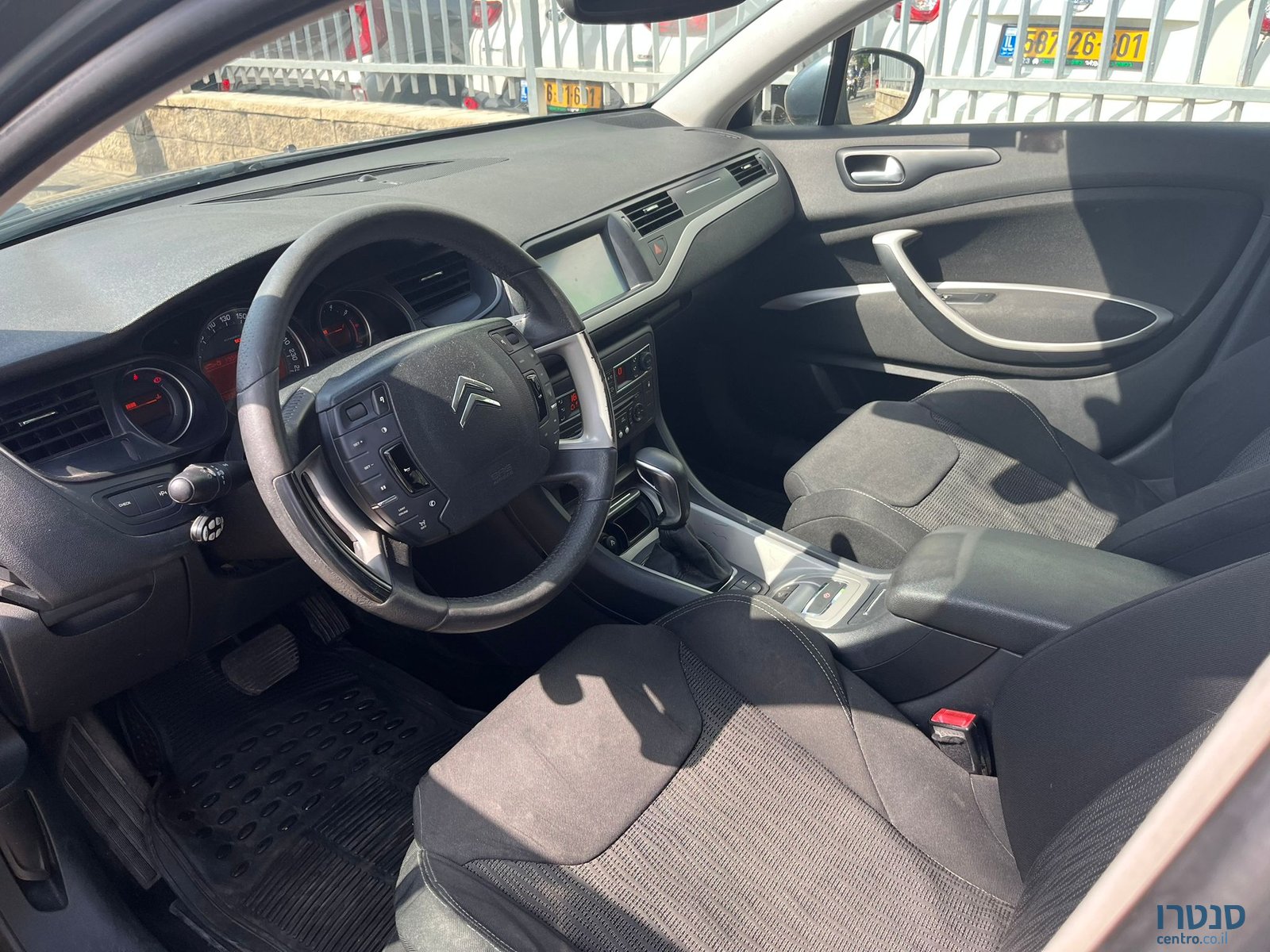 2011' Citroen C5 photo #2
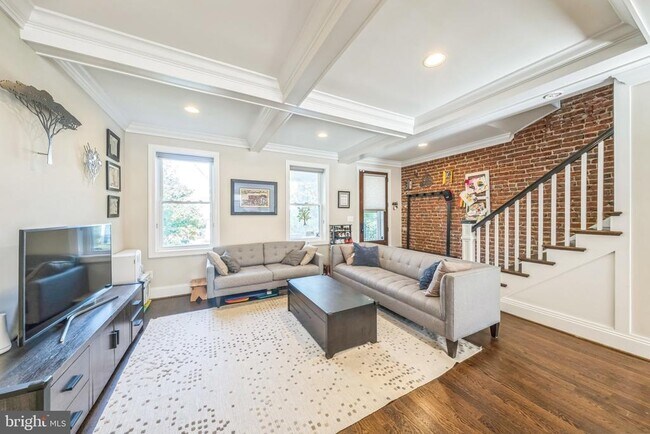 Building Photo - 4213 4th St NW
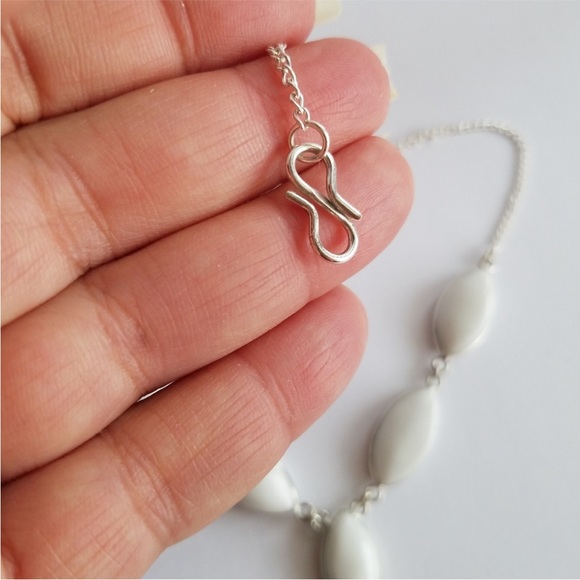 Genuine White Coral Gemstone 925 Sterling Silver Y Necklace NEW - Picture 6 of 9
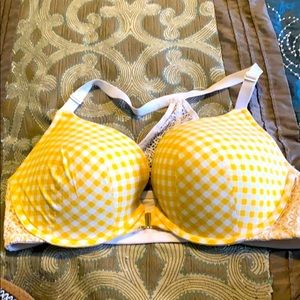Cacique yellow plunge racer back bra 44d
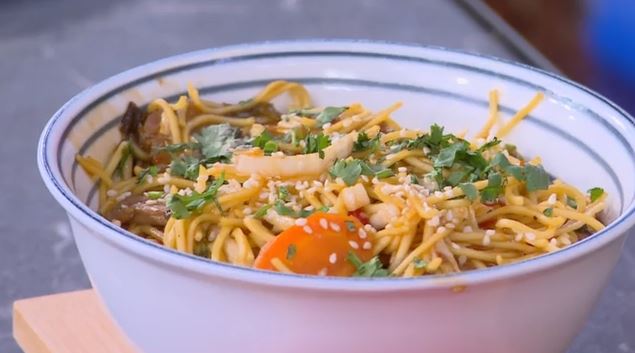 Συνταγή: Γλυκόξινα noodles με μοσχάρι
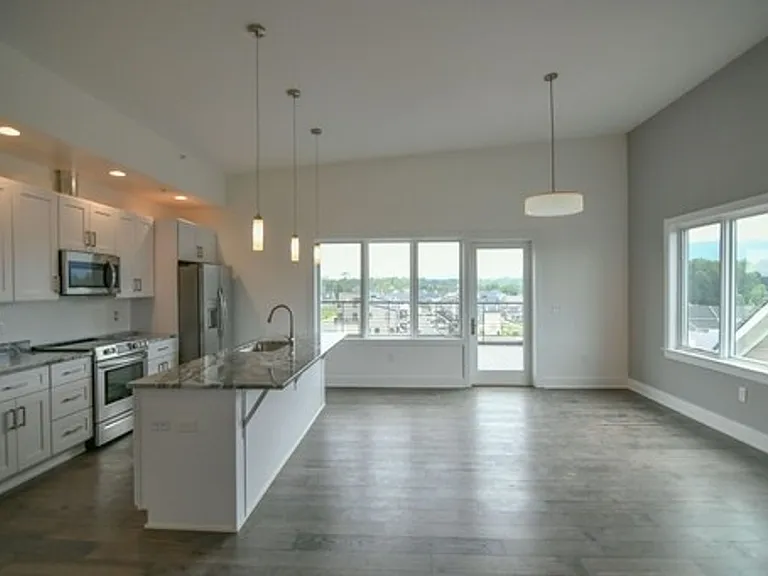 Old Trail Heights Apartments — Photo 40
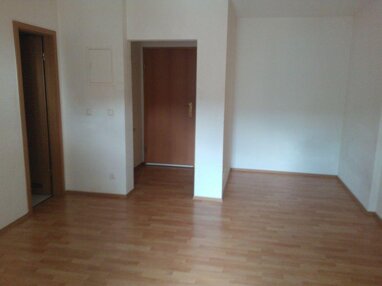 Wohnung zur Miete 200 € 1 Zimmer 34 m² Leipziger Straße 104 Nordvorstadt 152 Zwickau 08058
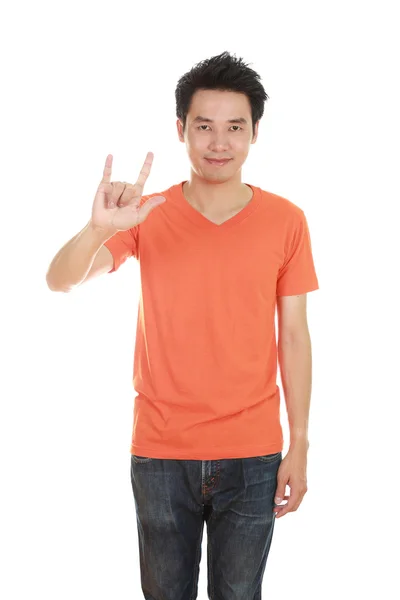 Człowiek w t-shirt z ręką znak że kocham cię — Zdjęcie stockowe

☆ ☆ ☆ ☆

> Directions
Retype the listing exactly. Pictures do not belong in the copy.

> Answer to the problem
 2011' Citroen C5 photo #2
 Building Photo - 4213 4th St NW
 Genuine White Coral Gemstone 925 Sterling Silver Y Necklace NEW - Picture 6 of 9
Cacique yellow plunge racer back bra 44d
 Συνταγή: Γλυκόξινα noodles με μοσχάρι
 Old Trail Heights Apartments — Photo 40
 Wohnung zur Miete 200 € 1 Zimmer 34 m² Leipziger Straße 104 Nordvorstadt 152 Zwickau 08058
 Człowiek w t-shirt z ręką znak że kocham cię — Zdjęcie stockowe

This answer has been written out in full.